The following 12 habits are common among those who suffer from anxiety. It is not an easy task to change the habits that are with you throughout life, but it is worth the effort if you want to reduce your anxiety.
Skip meals
Skipping meals causes hypoglycaemia (when your blood sugar drops below normal), which can lead to common symptoms of anxiety such as irritability, nervousness, dizziness and weakness.
Craving for sweets
Sugar has the ability to temporarily suppress an area of the brain that is normally active during anxiety, stopping the release of the stress hormone (cortisol). That’s why we can relieve anxiety when we eat something sweet. But research shows that sugar consumption increases anxiety and reactivity to stress, which leads to greater anxiety.
Bad eating habits
Unhealthy eating habits can greatly affect the intake of essential nutrients – carbohydrates, proteins, essential fatty acids, vitamins and minerals – which are essential for mental health and the functioning of the nervous system. Deficiency of certain nutrients (vitamins B, vitamin C and E, magnesium, selenium and omega-3 fatty acids) can affect mood and anxiety.
Do not play sports
Your body is designed for movement, and certain body functions depend on physiological movement. If you sit all day and never exercise, your physical and mental health will suffer as a result.
Constant viewing of news
Anxiety is characterized by excessive anxiety and fear, and watching the news can exacerbate the problem, leaving a depressed mood and anxiety. Although it is especially important now to be aware of what is happening in the country, watching or reading the news in the morning can set a disturbing tone for the day, while negative images and words before bed can affect the quality of sleep. Try to avoid reading the news first thing in the morning and last before bed.
Ignoring anxiety
Your anxiety is a signal that is trying to indicate that you need to work on or change something. If you ignore this signal, the condition will only get worse.
Caffeine consumption
Caffeine is a major trigger for anxiety. This link between caffeine and anxiety is not obvious, because we temporarily feel good after consumption, and we experience the effects of anxiety only after a few hours.
Fast food abuse
Junkfood mainly contains chemical ingredients and additives. These ingredients, added to food, can contribute to anxiety while lowering mood and social behavior. The worst culprits are: artificial sweeteners, dyes and flavor enhancers.

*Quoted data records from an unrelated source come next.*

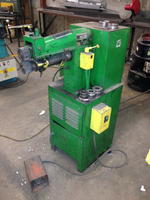 METAL FABRICATION & SUPPORT EQUIPMENT - COIL LINE - FORKLIFTS - TRUCKS - TRAILERS Auction Photo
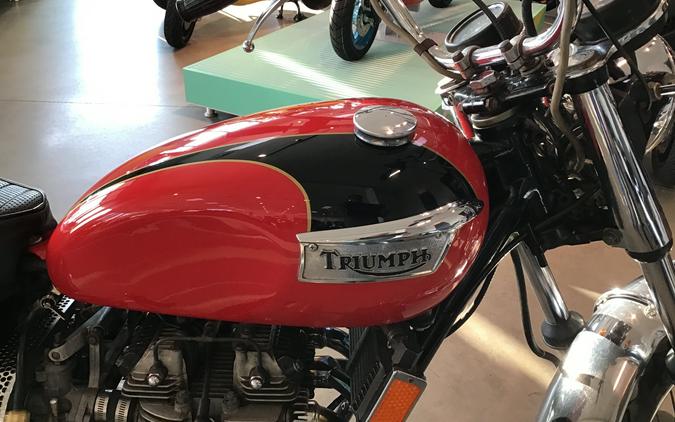 1974 Triumph Trident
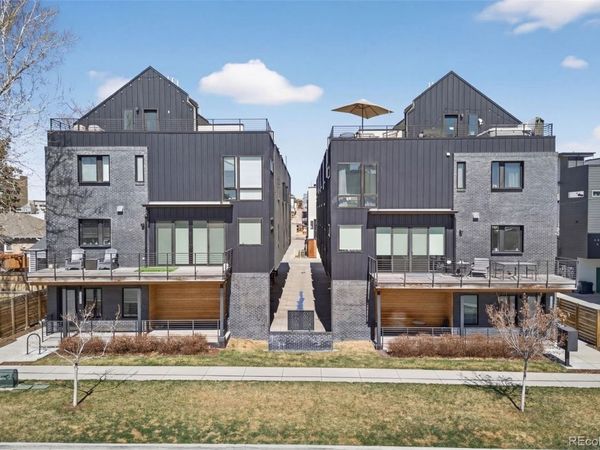 3535 W Conejos Place , Denver, CO 80204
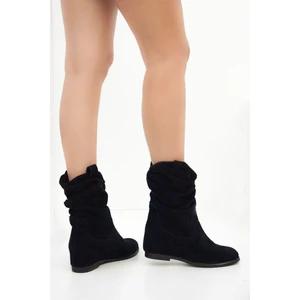 Fox Shoes Siyah Kadın Bot C735041202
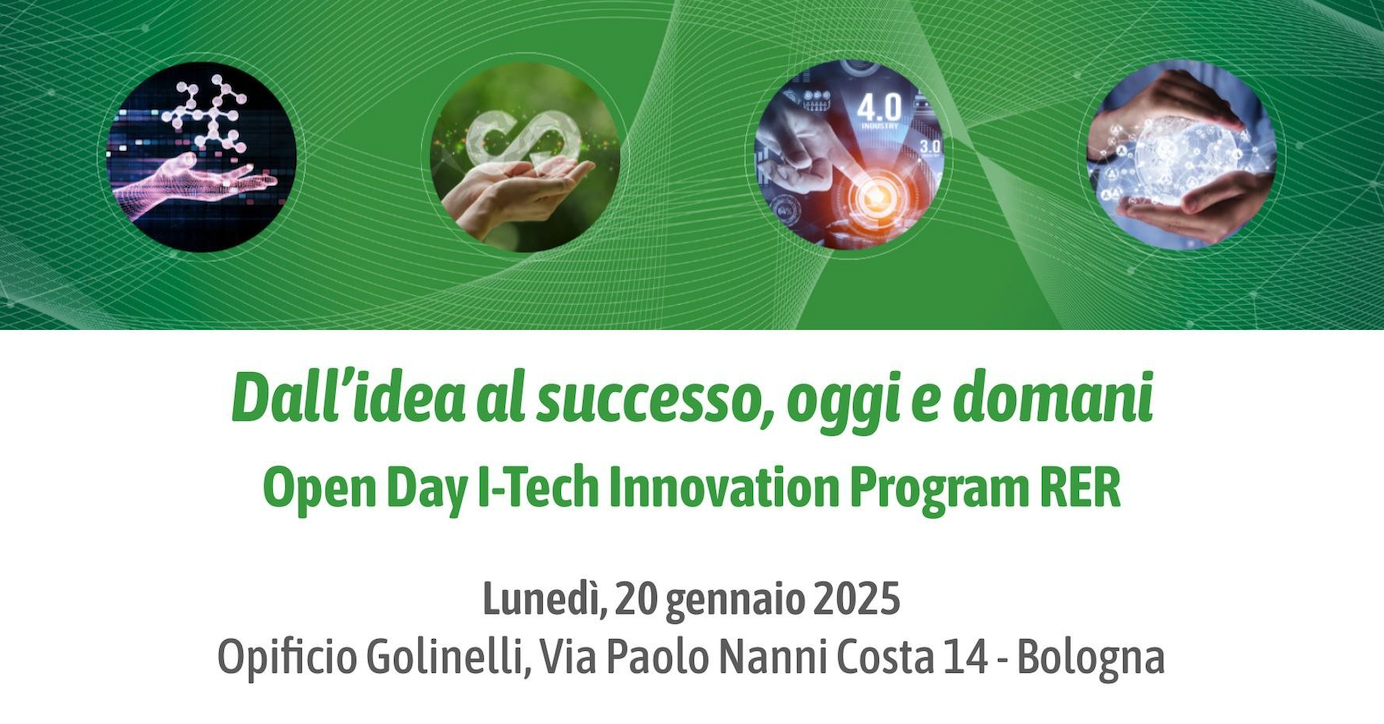 Locandina dell'iniziativa con titolo, indirizzo e data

Insufficient water consumption
Dehydration is stressful for your body, and when your body is under stress, you may experience general symptoms of anxiety.
Alcohol consumption
Although alcohol temporarily stimulates “chemicals for happiness” in the brain (such as serotonin and dopamine), making you feel happier and less anxious, it also increases anxiety levels within hours of drinking. When alcohol begins to disappear, you are likely to feel more anxious, tired and depressed than before drinking.
Lack of sleep
Sleep deprivation exacerbates recurring negative thoughts and makes it difficult to let go of negative things – symptoms that are characteristic of anxiety.
Comparing yourself to others
In today’s world of social media, we have instant access to images from people’s lives, and we may not even notice the habit of comparing ourselves to others; But when you do this every day, you have a bad mood and negative thoughts that lead to anxiety. Also, we may tend to focus on someone’s best side compared to their weakest.